Stack Genius ingredient guide

Hawthorn

Hawthorn is Crataegus leaf, flower, or berry extract used in cardiovascular-adjacent herbal products in supplement labeling.

Specialty Compounds & Other Dietary Ingredients 3 sources

Overview

Hawthorn is Crataegus leaf, flower, or berry extract used in cardiovascular-adjacent herbal products. Heart-adjacent herb labels deserve extra medication context.

Verify plant part, extract ratio, flavonoid/procyanidin markers, and cardiac warning language. Common marketing lanes include heart-health and circulation-positioned formulas.

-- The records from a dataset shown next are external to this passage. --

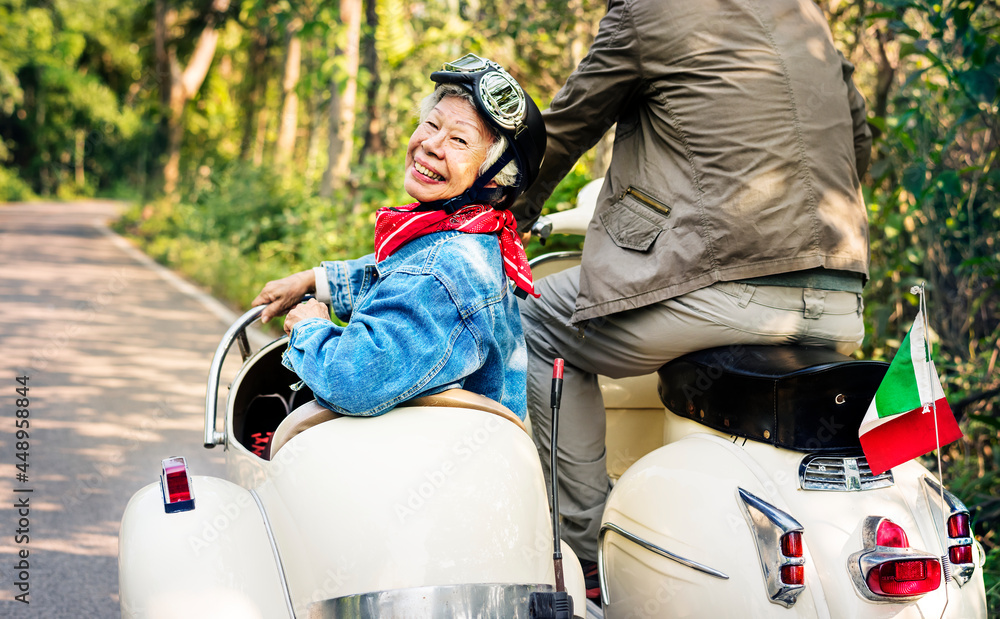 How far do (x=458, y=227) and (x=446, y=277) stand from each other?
196 mm

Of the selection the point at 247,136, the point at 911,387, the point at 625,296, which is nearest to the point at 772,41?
the point at 625,296

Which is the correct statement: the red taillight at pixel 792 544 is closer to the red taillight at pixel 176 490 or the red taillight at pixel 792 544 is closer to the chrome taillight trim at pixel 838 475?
the chrome taillight trim at pixel 838 475

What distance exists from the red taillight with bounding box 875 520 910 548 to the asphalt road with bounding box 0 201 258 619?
2615 mm

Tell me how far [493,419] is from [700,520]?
1.80 feet

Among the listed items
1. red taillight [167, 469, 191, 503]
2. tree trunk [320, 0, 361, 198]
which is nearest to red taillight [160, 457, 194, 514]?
→ red taillight [167, 469, 191, 503]

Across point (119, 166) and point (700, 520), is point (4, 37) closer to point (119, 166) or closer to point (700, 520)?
point (119, 166)

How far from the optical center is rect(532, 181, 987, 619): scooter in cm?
181

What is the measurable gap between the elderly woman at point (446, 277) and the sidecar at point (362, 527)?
0.33 ft

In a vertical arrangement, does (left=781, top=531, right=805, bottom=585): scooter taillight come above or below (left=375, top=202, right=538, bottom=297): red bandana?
below

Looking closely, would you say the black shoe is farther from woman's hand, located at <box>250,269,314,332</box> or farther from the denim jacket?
woman's hand, located at <box>250,269,314,332</box>

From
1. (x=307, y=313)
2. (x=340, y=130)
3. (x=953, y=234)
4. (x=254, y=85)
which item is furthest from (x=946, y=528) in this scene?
(x=254, y=85)

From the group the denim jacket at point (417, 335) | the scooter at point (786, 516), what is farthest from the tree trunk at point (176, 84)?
the scooter at point (786, 516)

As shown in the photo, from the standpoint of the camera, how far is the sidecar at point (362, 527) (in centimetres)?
162

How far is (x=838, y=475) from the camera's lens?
1906 mm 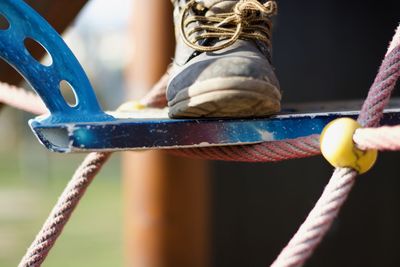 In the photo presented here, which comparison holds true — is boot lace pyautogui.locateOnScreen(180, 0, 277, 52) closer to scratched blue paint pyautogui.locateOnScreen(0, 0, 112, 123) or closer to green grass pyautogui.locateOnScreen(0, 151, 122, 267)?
scratched blue paint pyautogui.locateOnScreen(0, 0, 112, 123)

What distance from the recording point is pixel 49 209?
5.47 meters

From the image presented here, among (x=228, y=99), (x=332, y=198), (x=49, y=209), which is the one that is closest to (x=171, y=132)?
(x=228, y=99)

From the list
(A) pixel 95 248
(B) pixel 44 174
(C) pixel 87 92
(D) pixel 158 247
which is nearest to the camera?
(C) pixel 87 92

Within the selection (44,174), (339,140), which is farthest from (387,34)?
(44,174)

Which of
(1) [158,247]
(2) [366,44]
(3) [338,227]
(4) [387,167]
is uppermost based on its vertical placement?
(1) [158,247]

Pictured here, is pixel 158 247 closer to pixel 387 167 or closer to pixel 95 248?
pixel 387 167

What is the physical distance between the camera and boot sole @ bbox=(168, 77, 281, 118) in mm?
751

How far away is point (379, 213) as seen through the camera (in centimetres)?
286

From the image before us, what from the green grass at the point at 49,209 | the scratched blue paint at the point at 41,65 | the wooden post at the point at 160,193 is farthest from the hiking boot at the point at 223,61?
the green grass at the point at 49,209

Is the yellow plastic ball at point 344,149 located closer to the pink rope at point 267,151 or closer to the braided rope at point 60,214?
the pink rope at point 267,151

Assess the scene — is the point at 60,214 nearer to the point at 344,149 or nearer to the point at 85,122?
the point at 85,122

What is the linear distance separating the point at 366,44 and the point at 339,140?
2.21 meters

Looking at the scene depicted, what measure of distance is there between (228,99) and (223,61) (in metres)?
0.06

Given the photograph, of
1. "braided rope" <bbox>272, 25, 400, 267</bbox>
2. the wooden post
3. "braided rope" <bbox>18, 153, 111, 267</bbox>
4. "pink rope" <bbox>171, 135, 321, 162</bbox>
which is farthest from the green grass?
"braided rope" <bbox>272, 25, 400, 267</bbox> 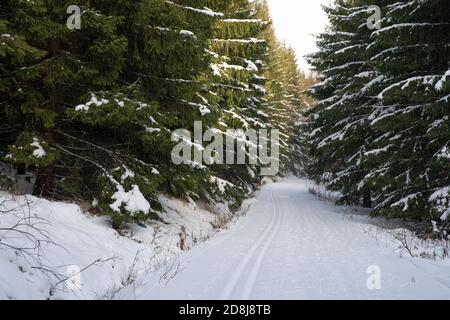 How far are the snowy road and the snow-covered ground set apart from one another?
0.02 m

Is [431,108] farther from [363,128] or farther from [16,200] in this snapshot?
[16,200]

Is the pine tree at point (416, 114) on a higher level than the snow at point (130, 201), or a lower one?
higher

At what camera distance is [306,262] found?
715cm

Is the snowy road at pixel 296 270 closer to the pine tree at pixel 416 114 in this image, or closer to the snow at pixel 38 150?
the pine tree at pixel 416 114

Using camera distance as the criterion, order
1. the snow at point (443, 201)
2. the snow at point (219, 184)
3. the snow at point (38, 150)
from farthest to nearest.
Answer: the snow at point (219, 184)
the snow at point (443, 201)
the snow at point (38, 150)

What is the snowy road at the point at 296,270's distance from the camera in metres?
5.15

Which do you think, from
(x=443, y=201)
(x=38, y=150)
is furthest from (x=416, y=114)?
(x=38, y=150)

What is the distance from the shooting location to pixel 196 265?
679 cm

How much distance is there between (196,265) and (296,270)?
185cm

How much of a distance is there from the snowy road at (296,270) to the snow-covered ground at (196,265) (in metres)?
0.02

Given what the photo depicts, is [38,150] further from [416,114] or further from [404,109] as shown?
[404,109]

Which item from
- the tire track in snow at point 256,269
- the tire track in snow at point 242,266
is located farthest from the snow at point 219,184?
the tire track in snow at point 256,269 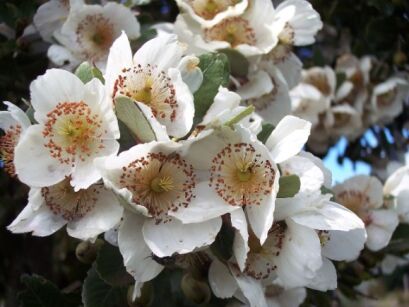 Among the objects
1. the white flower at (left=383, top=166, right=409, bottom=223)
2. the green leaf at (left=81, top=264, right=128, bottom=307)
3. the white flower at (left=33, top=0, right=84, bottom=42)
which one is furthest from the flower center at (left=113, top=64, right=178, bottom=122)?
the white flower at (left=383, top=166, right=409, bottom=223)

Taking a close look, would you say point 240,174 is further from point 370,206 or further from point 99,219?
point 370,206

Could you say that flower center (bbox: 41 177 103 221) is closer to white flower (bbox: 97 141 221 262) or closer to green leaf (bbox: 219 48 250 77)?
white flower (bbox: 97 141 221 262)

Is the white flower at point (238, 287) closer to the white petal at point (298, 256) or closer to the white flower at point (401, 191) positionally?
the white petal at point (298, 256)

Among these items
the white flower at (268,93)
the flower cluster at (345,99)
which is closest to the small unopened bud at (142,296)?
the white flower at (268,93)

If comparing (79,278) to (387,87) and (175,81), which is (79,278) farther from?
(387,87)

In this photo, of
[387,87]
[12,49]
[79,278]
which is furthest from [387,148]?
[12,49]

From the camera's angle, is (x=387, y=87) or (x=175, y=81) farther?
(x=387, y=87)

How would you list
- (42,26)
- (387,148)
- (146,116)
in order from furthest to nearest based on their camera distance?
(387,148), (42,26), (146,116)

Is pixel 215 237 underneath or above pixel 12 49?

heart medication, blood pressure, symptom evaluation, and extract standardization. Cardiac symptoms, heart drugs, blood pressure medicines, and procedures need professional review.

Key takeaways

Practical guidance

What to know before adding Hawthorn

Evidence snapshot

American ginseng deserves its own species label rather than being merged into generic ginseng advice.

Label-reading priority

Verify plant part, extract ratio, flavonoid/procyanidin markers, and cardiac warning language.

Common misunderstanding

American ginseng is not automatically milder or stronger than Asian ginseng in every formula.

Stack context

Group American ginseng with Panax/Korean ginseng, adaptogens, and glucose-support products.

Dosing & Timing

Capture plant part, extract marker, dose, and heart-medication warnings.

Safety and interaction context

Cardiac symptoms, heart drugs, blood pressure medicines, and procedures need professional review.

Sources

Track products by ingredient in Stack Genius

Use Stack Genius to connect supplement products back to ingredients, spot overlap, and keep your routine organized.

This information is general educational content only. Research may be limited, inconclusive, conflicting, outdated, or not applicable to your circumstances. This content does not recommend that you start, stop, or change any supplement, medication, dose, or health routine. Talk with a qualified healthcare professional before making health-related decisions.